Task statement – Below this line are records; write out exactly the lines from the one containing "图片[16]-Group photos of" through the one containing "শাহবাগ অবরোধ করেছেন", with the pictures left out.

Extracted information –
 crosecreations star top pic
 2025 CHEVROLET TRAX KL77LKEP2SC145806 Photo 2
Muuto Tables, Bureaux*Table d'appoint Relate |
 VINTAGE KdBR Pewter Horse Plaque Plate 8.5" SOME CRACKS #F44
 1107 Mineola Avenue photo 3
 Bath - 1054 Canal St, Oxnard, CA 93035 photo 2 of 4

==

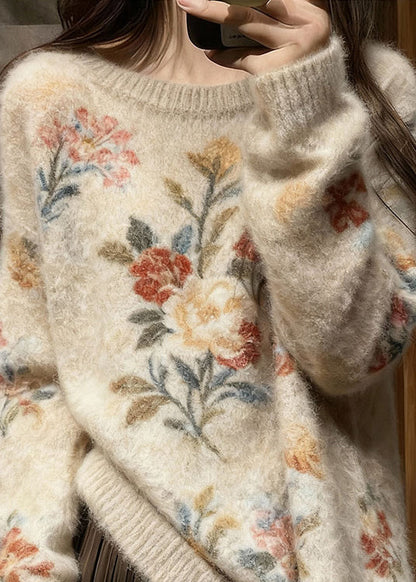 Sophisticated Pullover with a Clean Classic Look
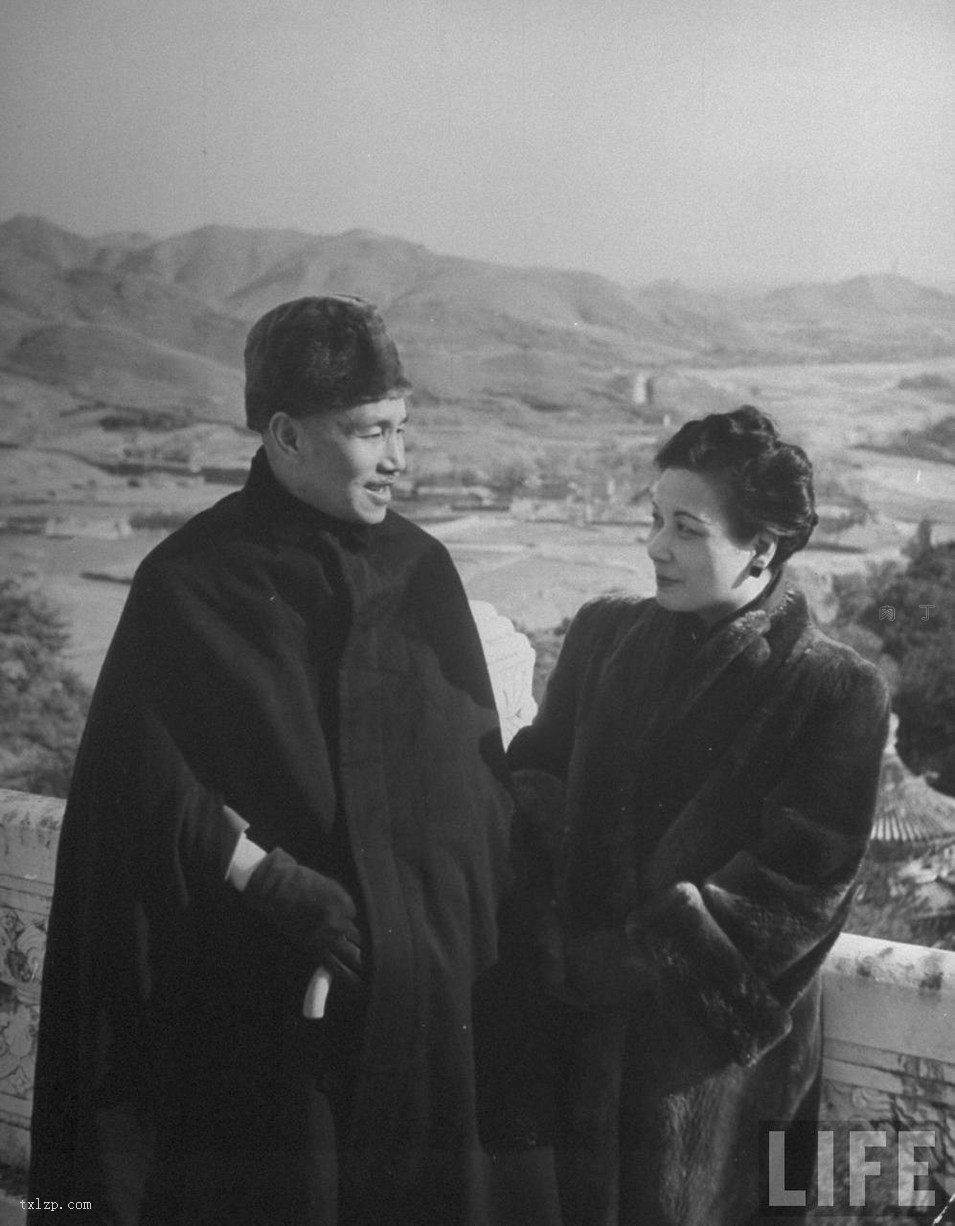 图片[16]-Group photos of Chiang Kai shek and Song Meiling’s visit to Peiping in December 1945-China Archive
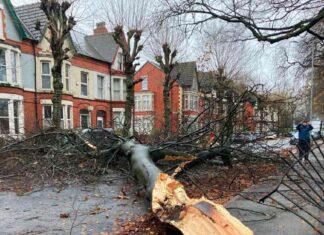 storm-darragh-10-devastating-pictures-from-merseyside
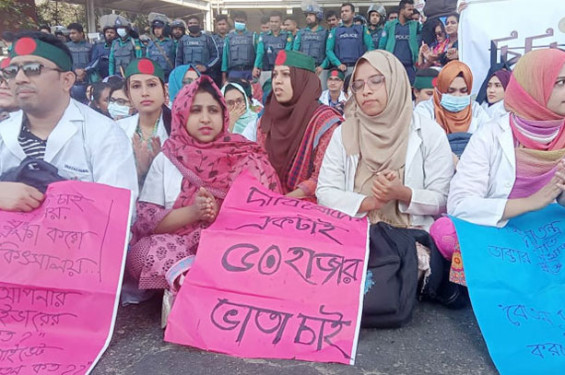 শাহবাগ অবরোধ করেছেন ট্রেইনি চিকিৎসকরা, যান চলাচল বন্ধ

Problem solution –
 图片[16]-Group photos of Chiang Kai shek and Song Meiling’s visit to Peiping in December 1945-China Archive
 storm-darragh-10-devastating-pictures-from-merseyside
 শাহবাগ অবরোধ করেছেন ট্রেইনি চিকিৎসকরা, যান চলাচল বন্ধ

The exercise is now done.